Clothing Subscriptions Shed Members as Economic Challenges Demand Reprioritization

apparel

Across the clothing subscription industry, key players are losing members as they turn their focus to driving more revenue from their existing users.

Take, for instance, Rent the Runway. The clothing subscription and a la carte rental company shared in its third-quarter 2023 earnings results Tuesday (Dec. 5) that, at the end of the quarter, active subscribers were down 2%, and total subscribers were also down slightly.

“We believe that the sub count is a result of our strategic decisions to hold the line on lower promotions and lower marketing spend to prioritize inventory and stock rates,” Rent the Runway Co-founder and CEO Jennifer Hyman told analysts on a call. “In other words, we acquired fewer customers by design, but the customers we have acquired are more profitable.”

Similarly, apparel subscription platform Stitch Fix shared in its earnings report Tuesday that its number of active clients (i.e., customers) fell by 15%, a figure that amounts to 515,000 people, year over year.

“We are building a healthier client base by more precisely targeting high lifetime value clients that we expect will help us expand our client base over time, and … we are developing a long-term strategy to better serve the clients we have today and those we intend to attract in the future,” CEO Matt Baer told analysts.

Moreover, consumers are even cutting back on clothing subscriptions for their children. Kidpik, a company in the space that focuses on clothing for those ages 4-16, shared in its third-quarter 2023 earnings report, released last month, that revenue from subscription boxes fell by more than $440,000, a decrease of 15%. The decrease comes as the company focuses on reducing expenses and selling off its inventory amid ongoing financial challenges.

“We have substantially reduced purchases on new inventory and are focused on increasing sales from our current elevated inventory level, which we believe will support our cash flow needs in the short term,” CEO Ezra Dabah said in a statement. “We are also working to increase our proprietary brand sales through our own eCommerce site.”

These findings are somewhat surprising, given that clothing subscribers tend to be loyal to their providers. The PYMNTS Intelligence report “Subscription Commerce Readiness Report: The Loyalty Factor,” created in collaboration with sticky.io, found that the 30% of retail subscribers who are loyalists account for nearly 80% of merchants’ revenue. Fifty-one percent of these subscribers prefer subscriptions that include clothing items.
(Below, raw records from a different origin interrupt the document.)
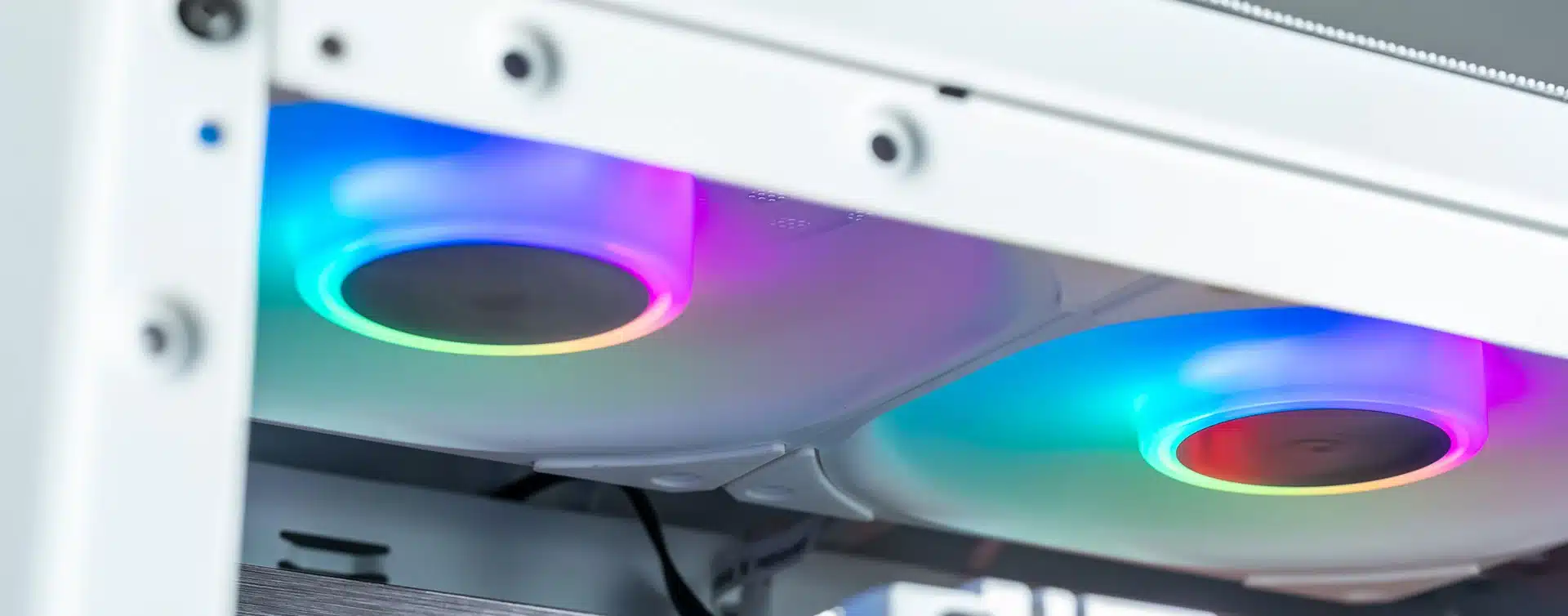 Cooler Master SickleFlow 120 ARGB White Lifestyle Image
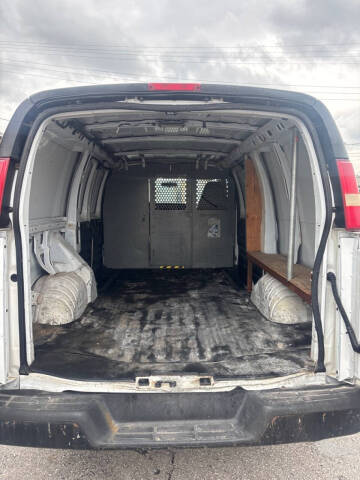 2006 GMC Savana 2500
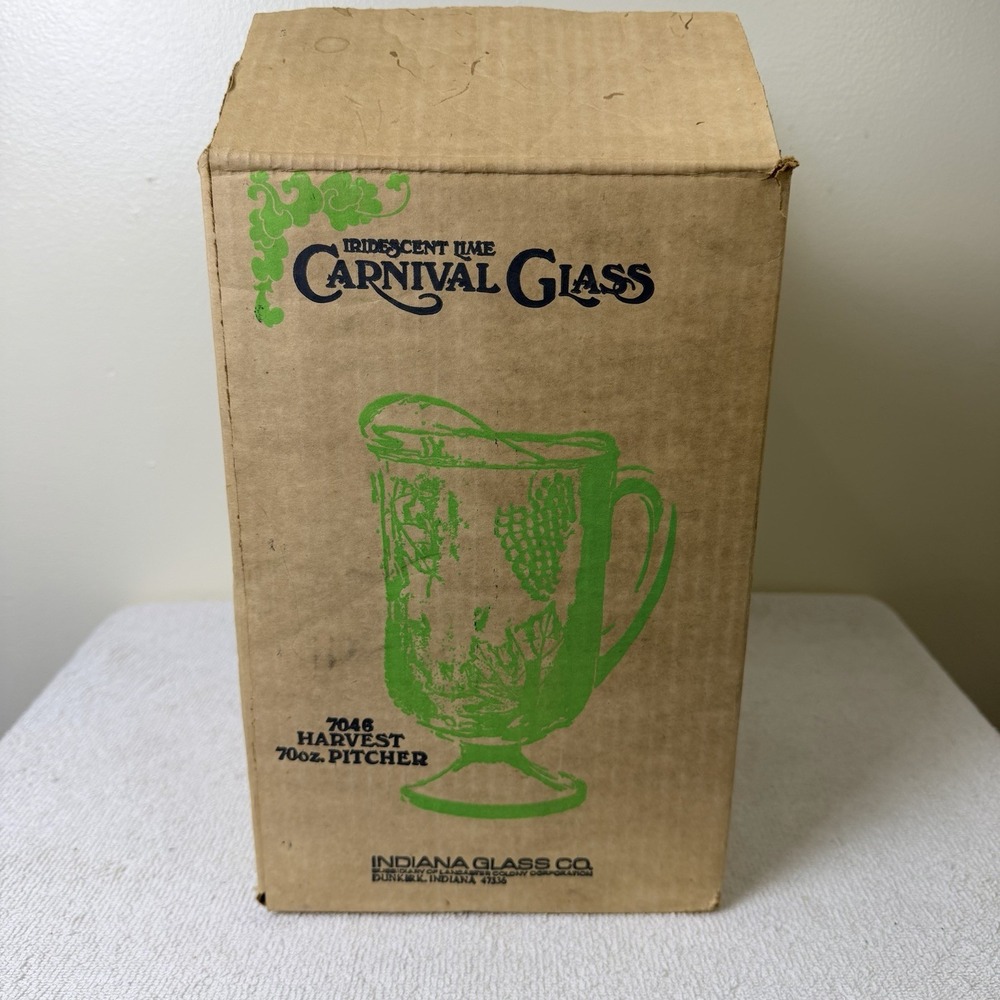 Vtg Indiana Glass Harvest Grape Carnival Glass Iridescent Green Water Pitcher - Picture 2 of 12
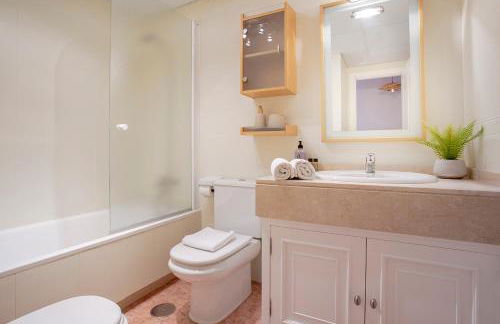 Precioso ático con piscina en Marbella - Foto 20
Still, a significant share of clothing subscribers already knew last year that they planned to cancel amid ongoing inflationary challenges. According to the PYMNTS Intelligence and sticky.io report released last November, “Subscription Commerce Conversion Index: Subscribers Seek Affordability and Convenience,” 1 in 4 clothing subscribers said they would cancel their subscription in the next 12 months.

As such, and as other financial headwinds impact the economics of the clothing subscription model, providers are turning their focus to creating more profitable businesses in the long term rather than acquiring and retaining customers.